## PROVIDED DATA
*** Block opens ***

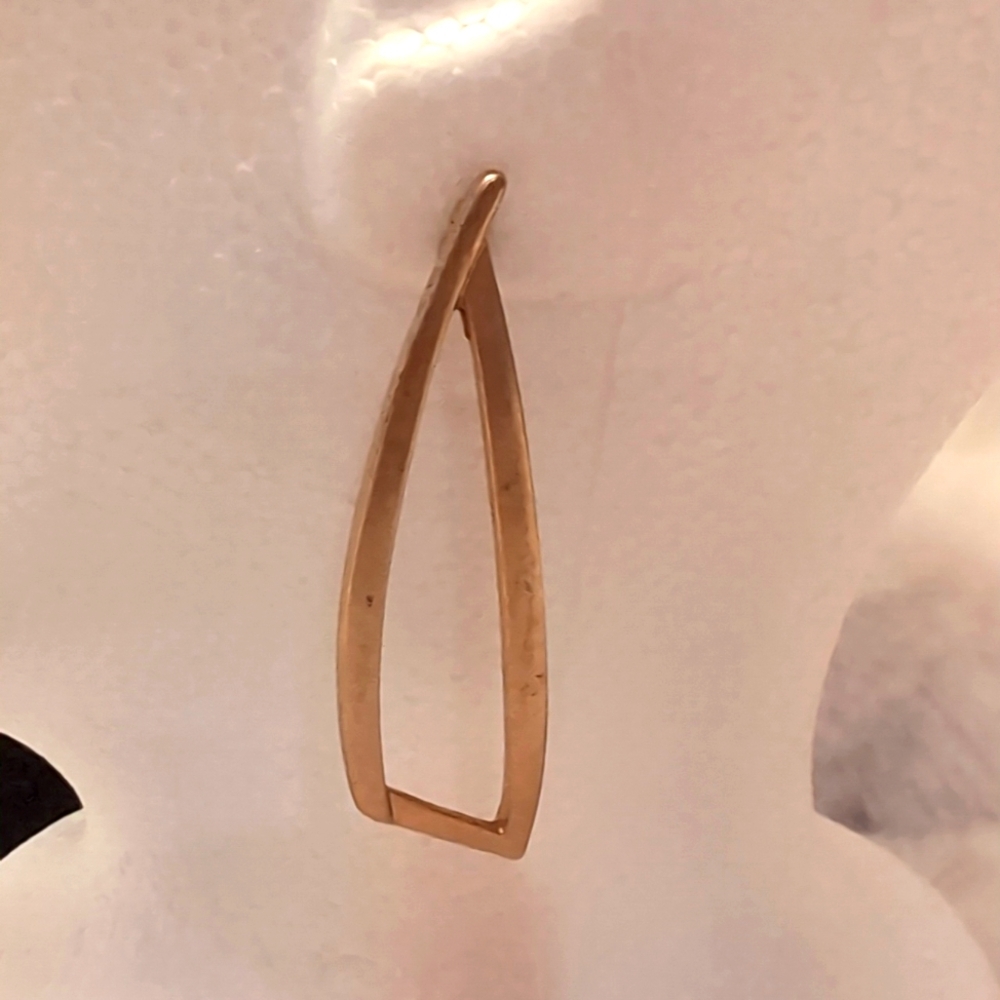 Vintage 80s Gold Toned Geometric Stud Earrings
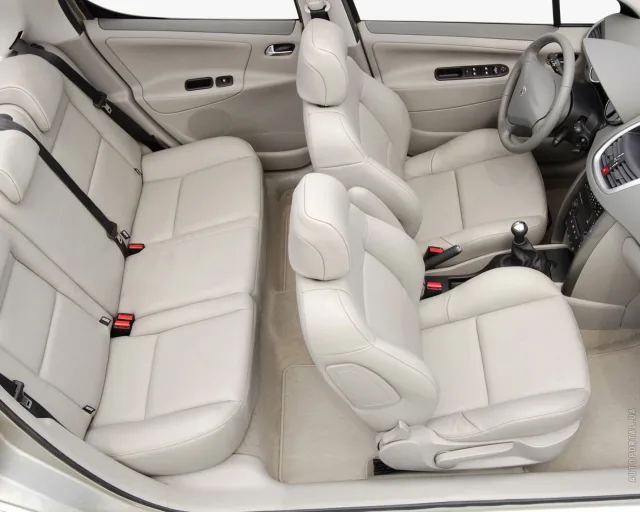 Peugeot 207 5-door hatchback — 4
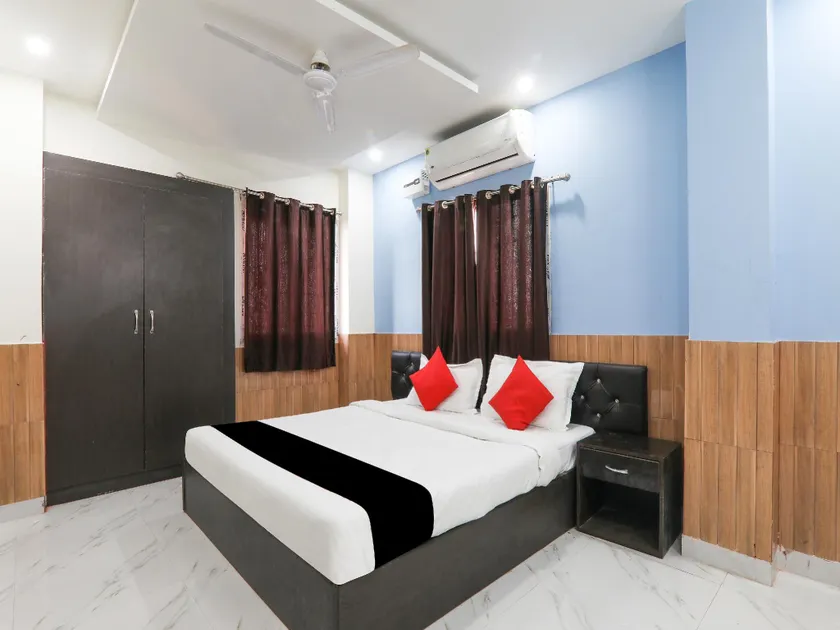 Hotel O Figtree Premier - Image 1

*** Block closes ***

## ACTIVITY
Copy out the whole listing exactly. Skip its pictures.

## SOLUTION TO THIS TASK
 Vintage 80s Gold Toned Geometric Stud Earrings
 Peugeot 207 5-door hatchback — 4
 Hotel O Figtree Premier - Image 1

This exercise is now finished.